In the records below, reproduce exactly the lines from the one containing "2DF2C741-DB6C-422F-A81B-C0359E4EFC25-300x225" through the one containing "Каретки DUB AM BB DUB ENGLISH 100", both included, and omit the pictures.
### Record extracts ###
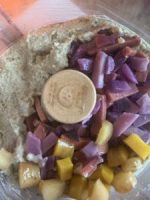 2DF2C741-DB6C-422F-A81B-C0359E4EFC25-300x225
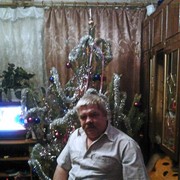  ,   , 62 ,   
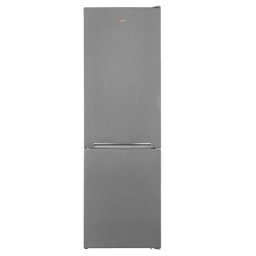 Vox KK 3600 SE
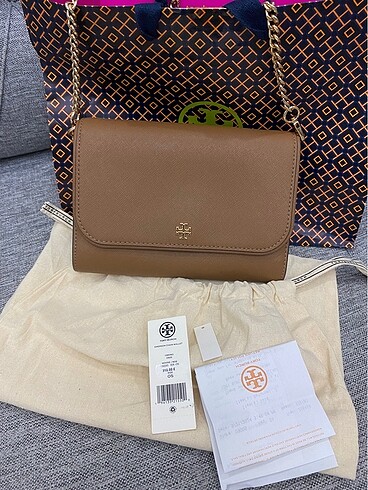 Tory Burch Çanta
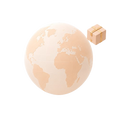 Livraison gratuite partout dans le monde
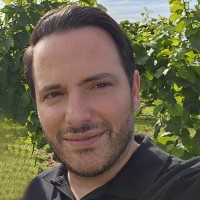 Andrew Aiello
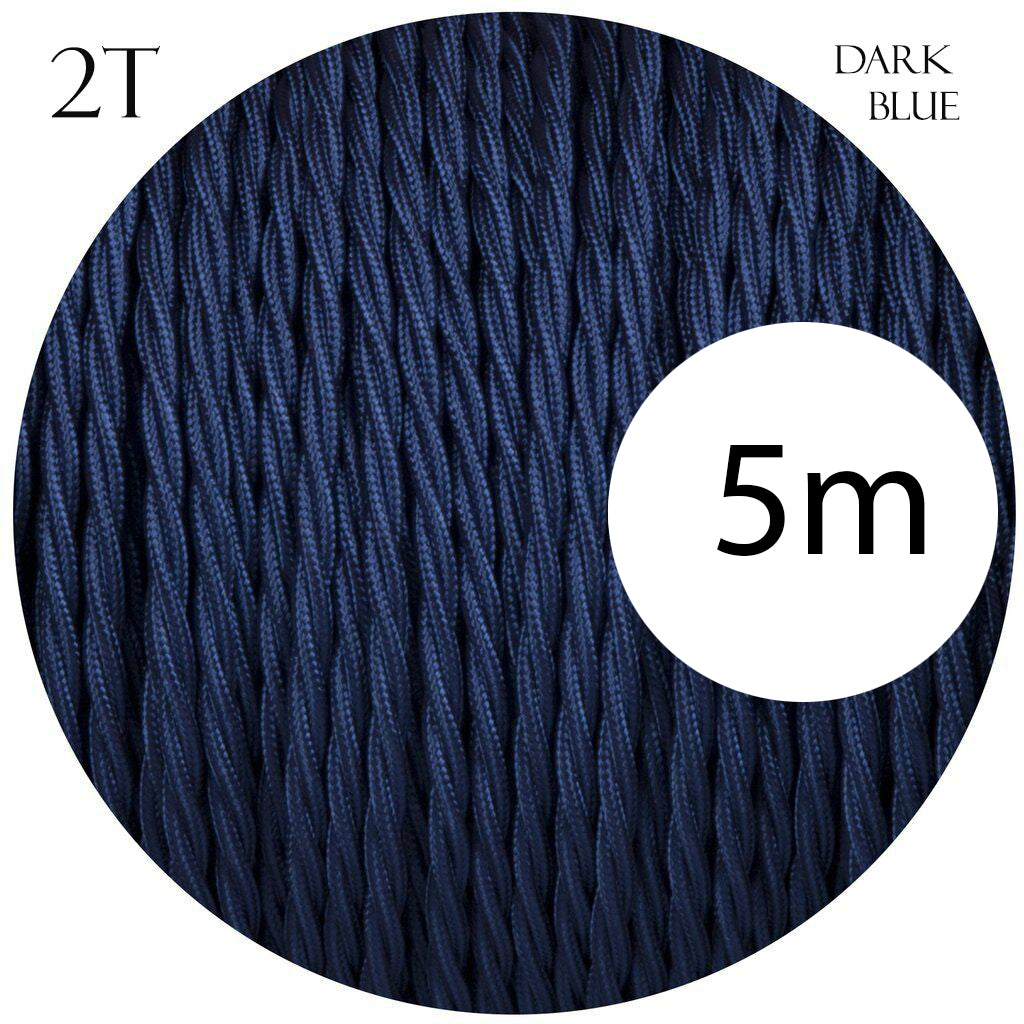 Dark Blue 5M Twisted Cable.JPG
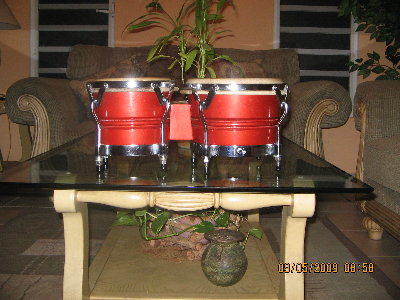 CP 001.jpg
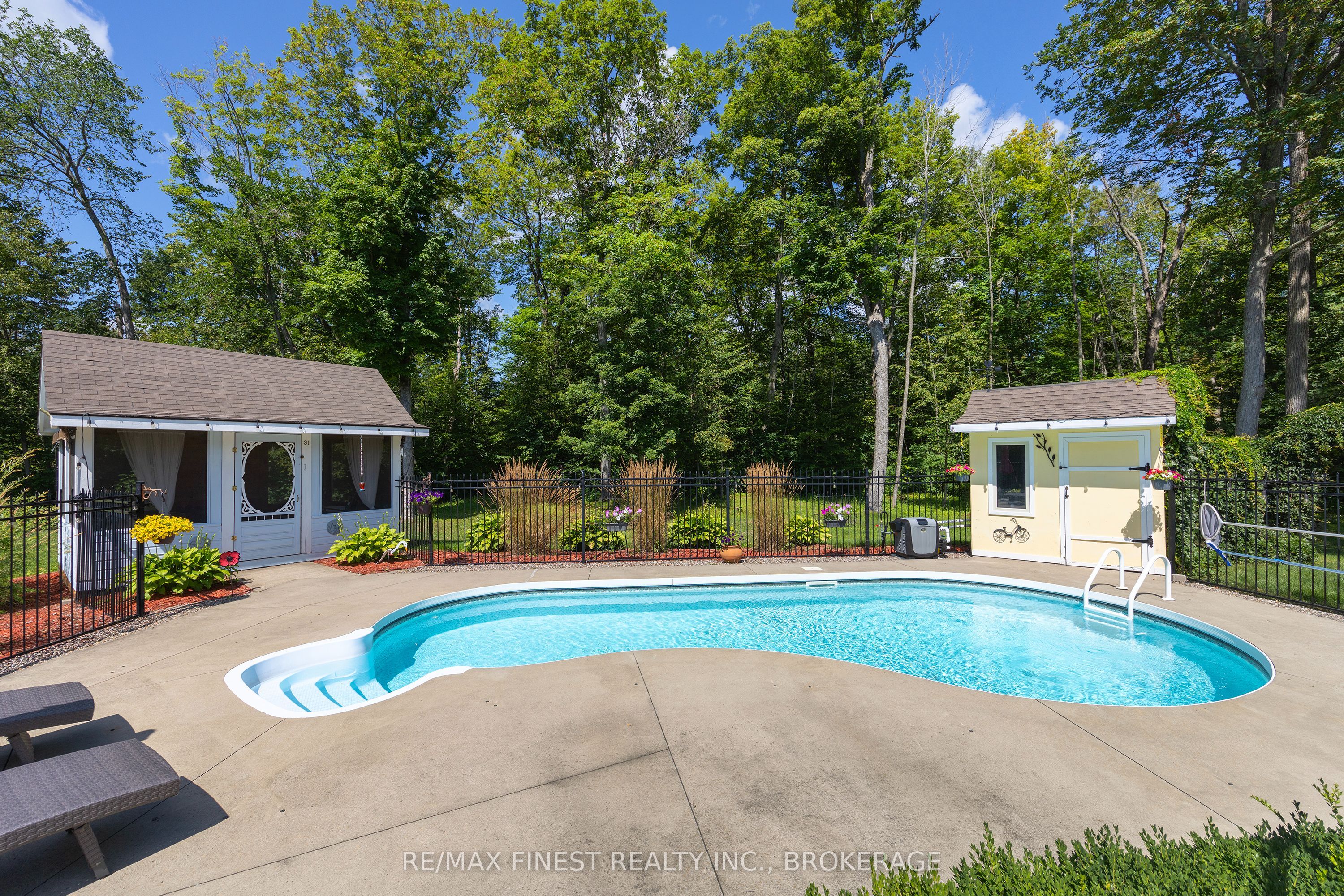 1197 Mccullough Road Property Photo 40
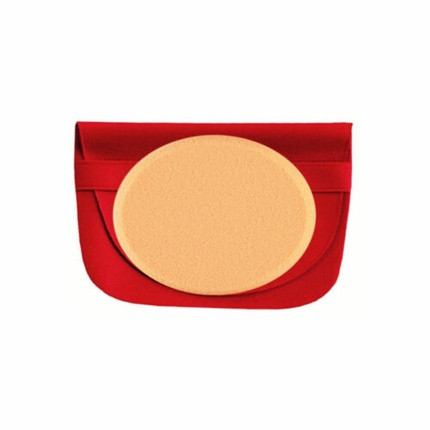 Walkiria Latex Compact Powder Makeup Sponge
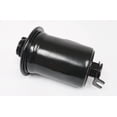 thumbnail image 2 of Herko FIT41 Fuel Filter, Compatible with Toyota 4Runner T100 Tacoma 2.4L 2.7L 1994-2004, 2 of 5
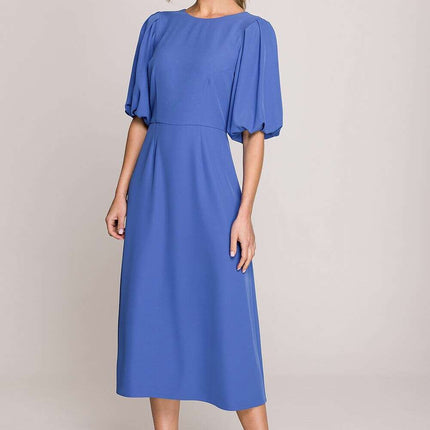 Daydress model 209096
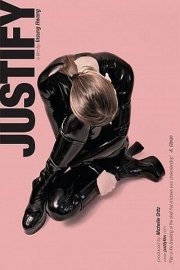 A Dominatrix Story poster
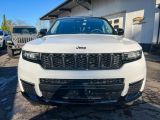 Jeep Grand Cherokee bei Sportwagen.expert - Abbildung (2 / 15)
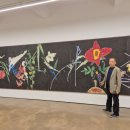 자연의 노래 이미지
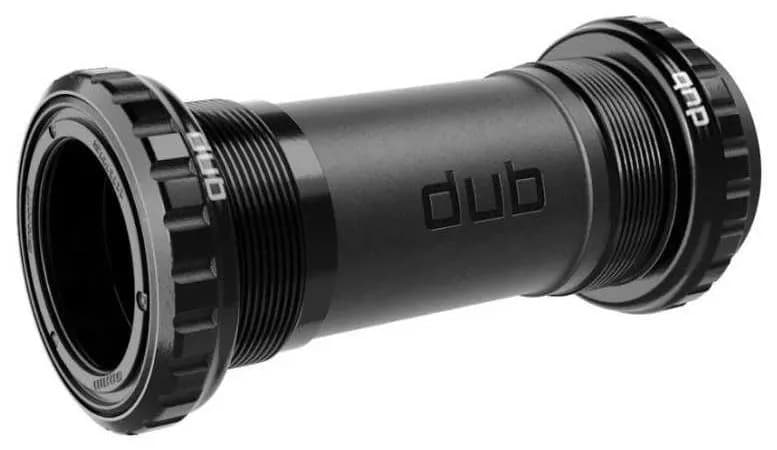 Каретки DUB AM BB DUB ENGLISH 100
###
### Record extracts ###
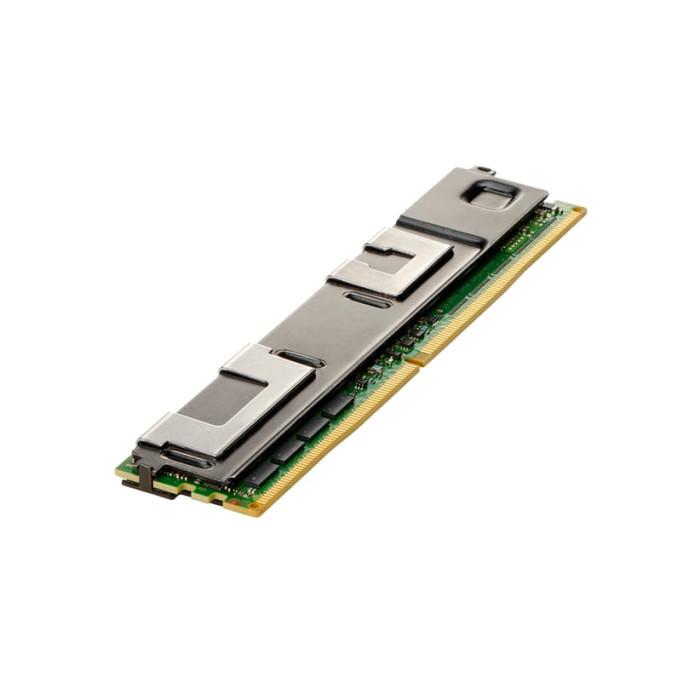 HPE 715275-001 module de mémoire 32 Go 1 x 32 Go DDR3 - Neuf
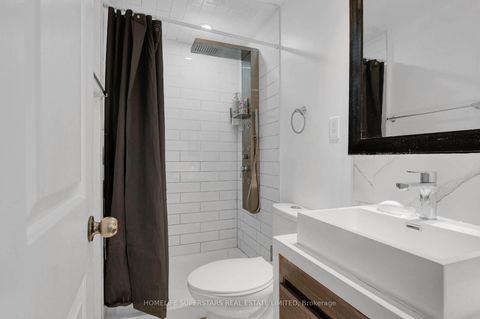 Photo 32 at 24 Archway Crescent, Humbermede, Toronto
###
### Record extracts ###
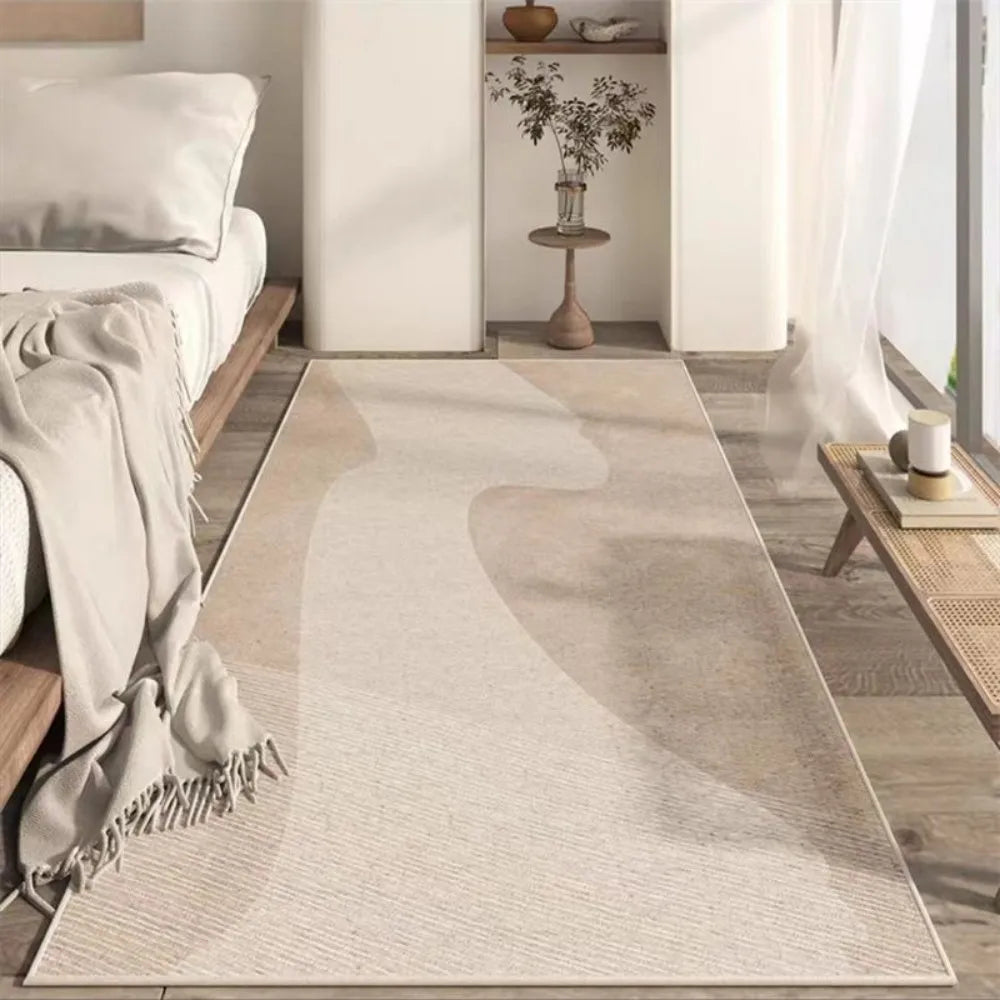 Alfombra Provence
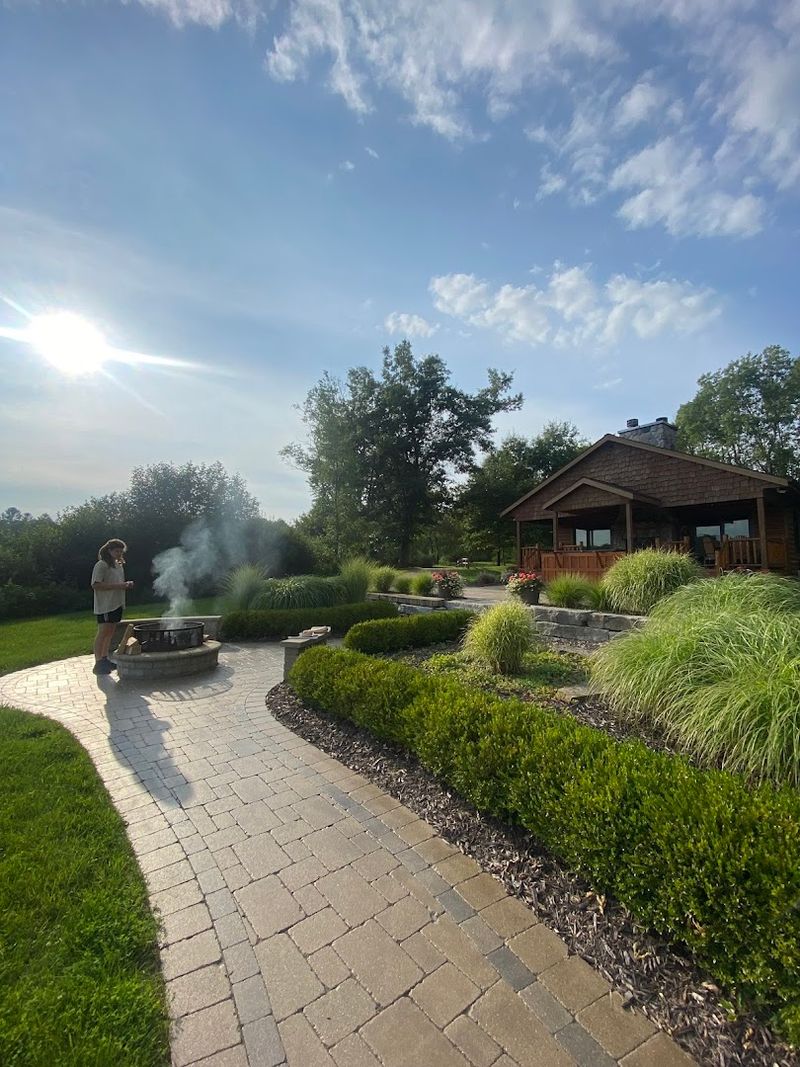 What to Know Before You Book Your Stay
###
Exercise output ::
 2DF2C741-DB6C-422F-A81B-C0359E4EFC25-300x225
  ,   , 62 ,   
 Vox KK 3600 SE
 Tory Burch Çanta
 Livraison gratuite partout dans le monde
 Andrew Aiello
 Dark Blue 5M Twisted Cable.JPG
 CP 001.jpg
 1197 Mccullough Road Property Photo 40
 Walkiria Latex Compact Powder Makeup Sponge
 thumbnail image 2 of Herko FIT41 Fuel Filter, Compatible with Toyota 4Runner T100 Tacoma 2.4L 2.7L 1994-2004, 2 of 5
 Daydress model 209096
 A Dominatrix Story poster
 Jeep Grand Cherokee bei Sportwagen.expert - Abbildung (2 / 15)
 자연의 노래 이미지
 Каретки DUB AM BB DUB ENGLISH 100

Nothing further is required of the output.